##### INPUT RECORDS #####

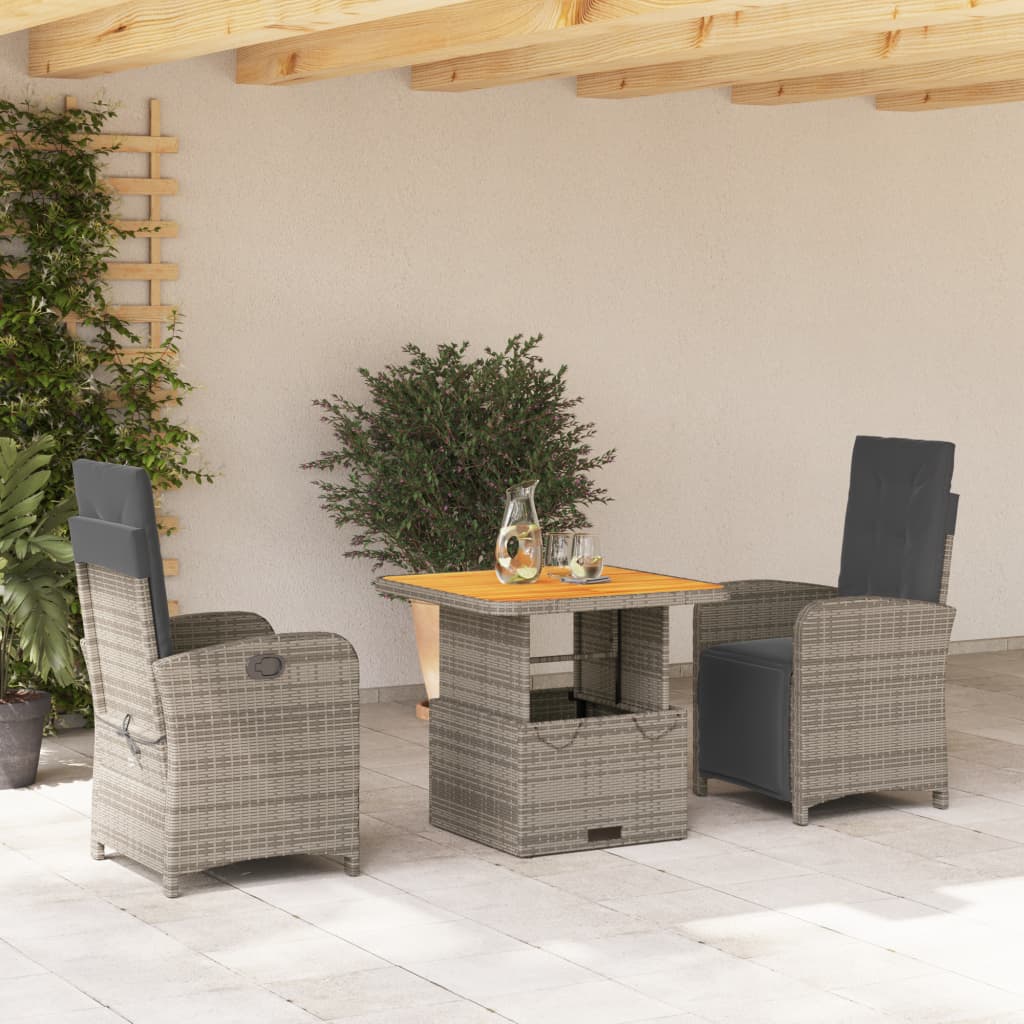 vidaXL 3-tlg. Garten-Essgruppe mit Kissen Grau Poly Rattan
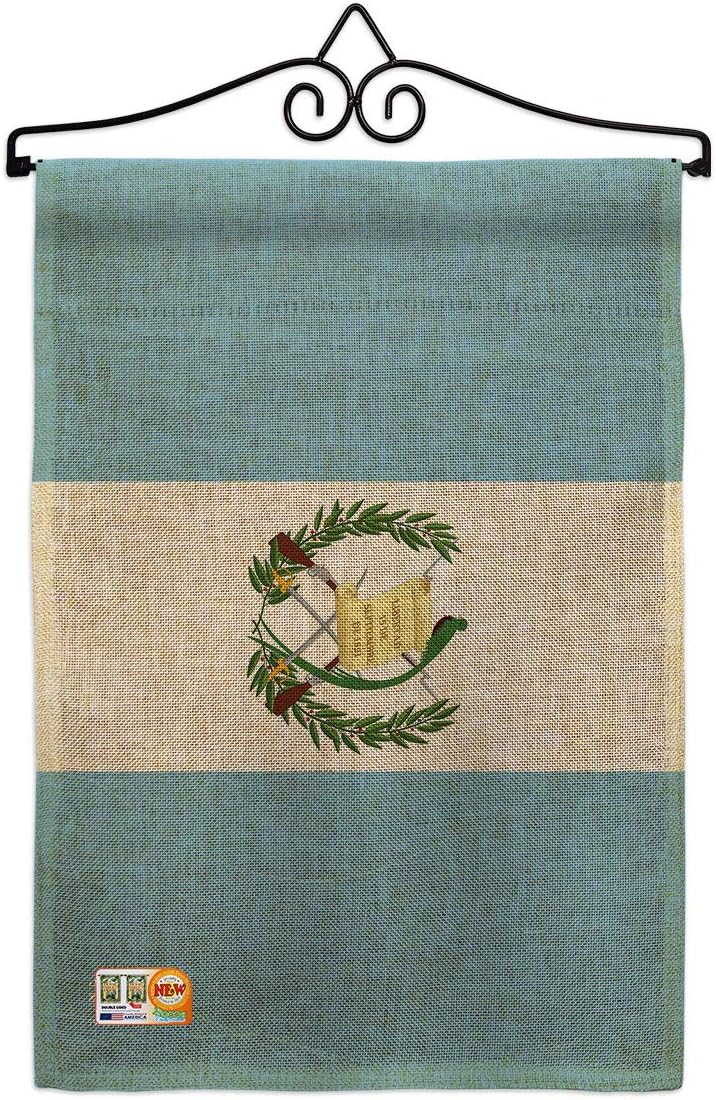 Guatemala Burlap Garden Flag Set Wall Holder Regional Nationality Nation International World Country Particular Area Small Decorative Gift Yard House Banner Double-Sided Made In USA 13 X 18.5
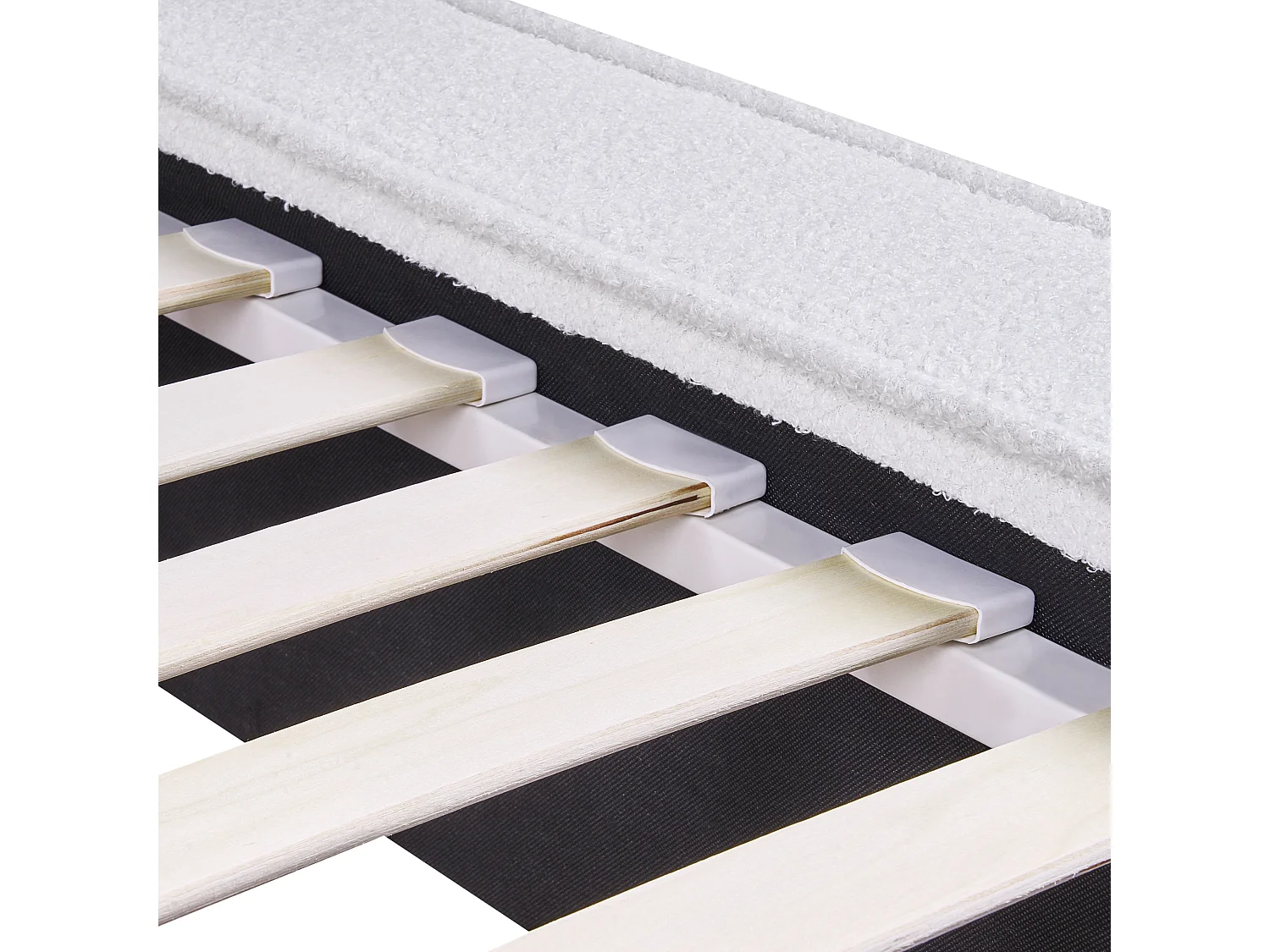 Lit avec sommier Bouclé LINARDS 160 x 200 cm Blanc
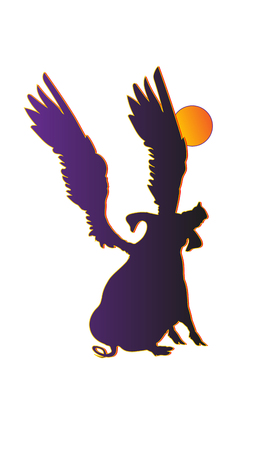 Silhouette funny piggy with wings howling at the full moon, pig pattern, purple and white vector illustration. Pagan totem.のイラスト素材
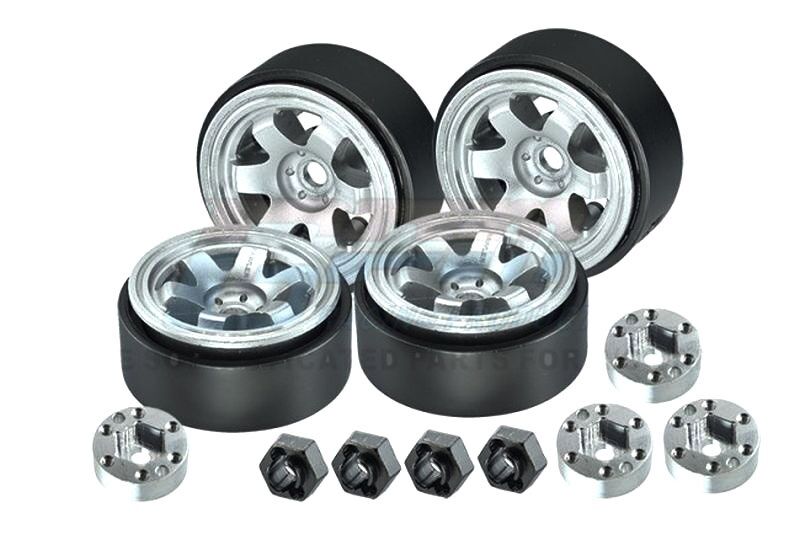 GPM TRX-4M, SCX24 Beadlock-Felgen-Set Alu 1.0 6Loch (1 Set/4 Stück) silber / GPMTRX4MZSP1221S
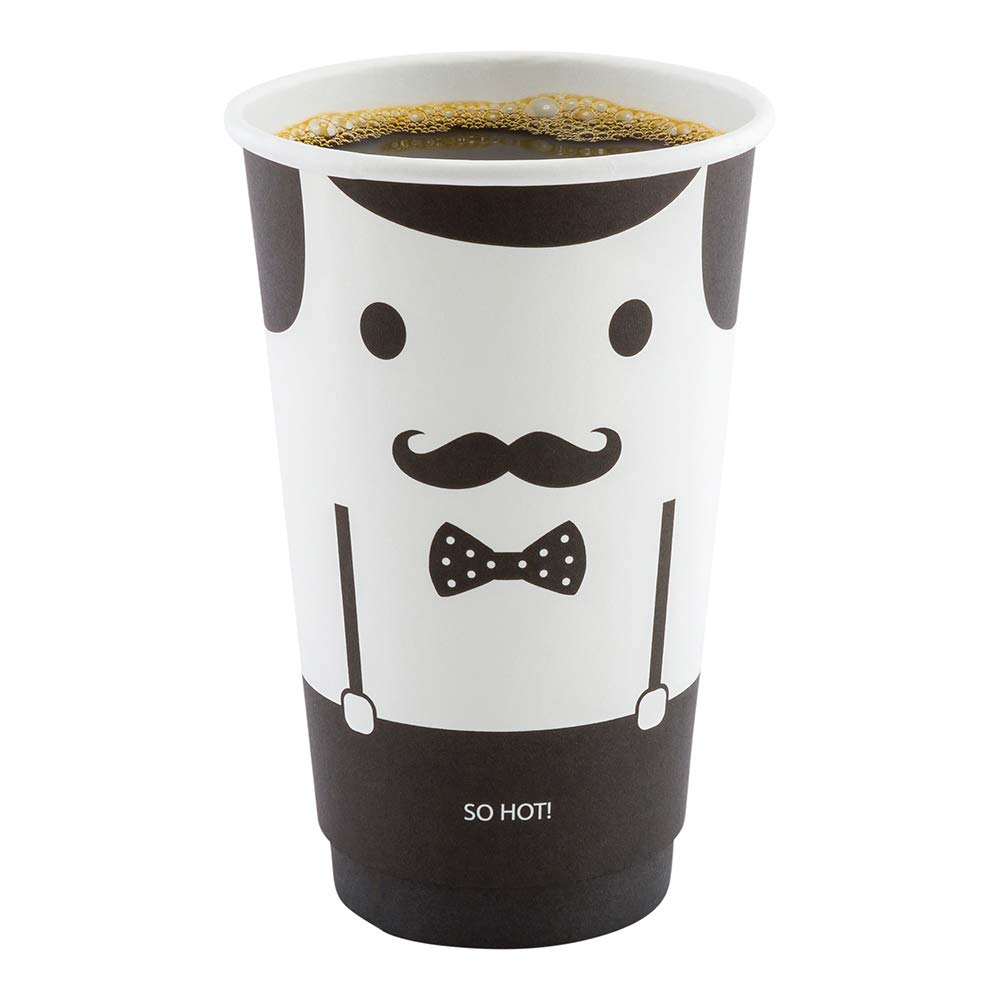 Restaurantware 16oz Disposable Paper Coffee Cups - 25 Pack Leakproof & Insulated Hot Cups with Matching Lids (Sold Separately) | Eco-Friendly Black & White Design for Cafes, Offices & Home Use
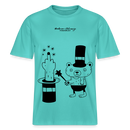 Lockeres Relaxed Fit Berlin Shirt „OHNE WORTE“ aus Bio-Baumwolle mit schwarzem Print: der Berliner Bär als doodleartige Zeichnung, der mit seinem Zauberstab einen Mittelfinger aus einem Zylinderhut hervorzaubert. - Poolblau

#####

Your copy should hold only the lines from the line with "Guatemala Burlap Garden" through the end of the data above, both ends included, transcribed exactly and without pictures.

ANSWER BOX =
 Guatemala Burlap Garden Flag Set Wall Holder Regional Nationality Nation International World Country Particular Area Small Decorative Gift Yard House Banner Double-Sided Made In USA 13 X 18.5
 Lit avec sommier Bouclé LINARDS 160 x 200 cm Blanc
 Silhouette funny piggy with wings howling at the full moon, pig pattern, purple and white vector illustration. Pagan totem.のイラスト素材
 GPM TRX-4M, SCX24 Beadlock-Felgen-Set Alu 1.0 6Loch (1 Set/4 Stück) silber / GPMTRX4MZSP1221S
 Restaurantware 16oz Disposable Paper Coffee Cups - 25 Pack Leakproof & Insulated Hot Cups with Matching Lids (Sold Separately) | Eco-Friendly Black & White Design for Cafes, Offices & Home Use
 Lockeres Relaxed Fit Berlin Shirt „OHNE WORTE“ aus Bio-Baumwolle mit schwarzem Print: der Berliner Bär als doodleartige Zeichnung, der mit seinem Zauberstab einen Mittelfinger aus einem Zylinderhut hervorzaubert. - Poolblau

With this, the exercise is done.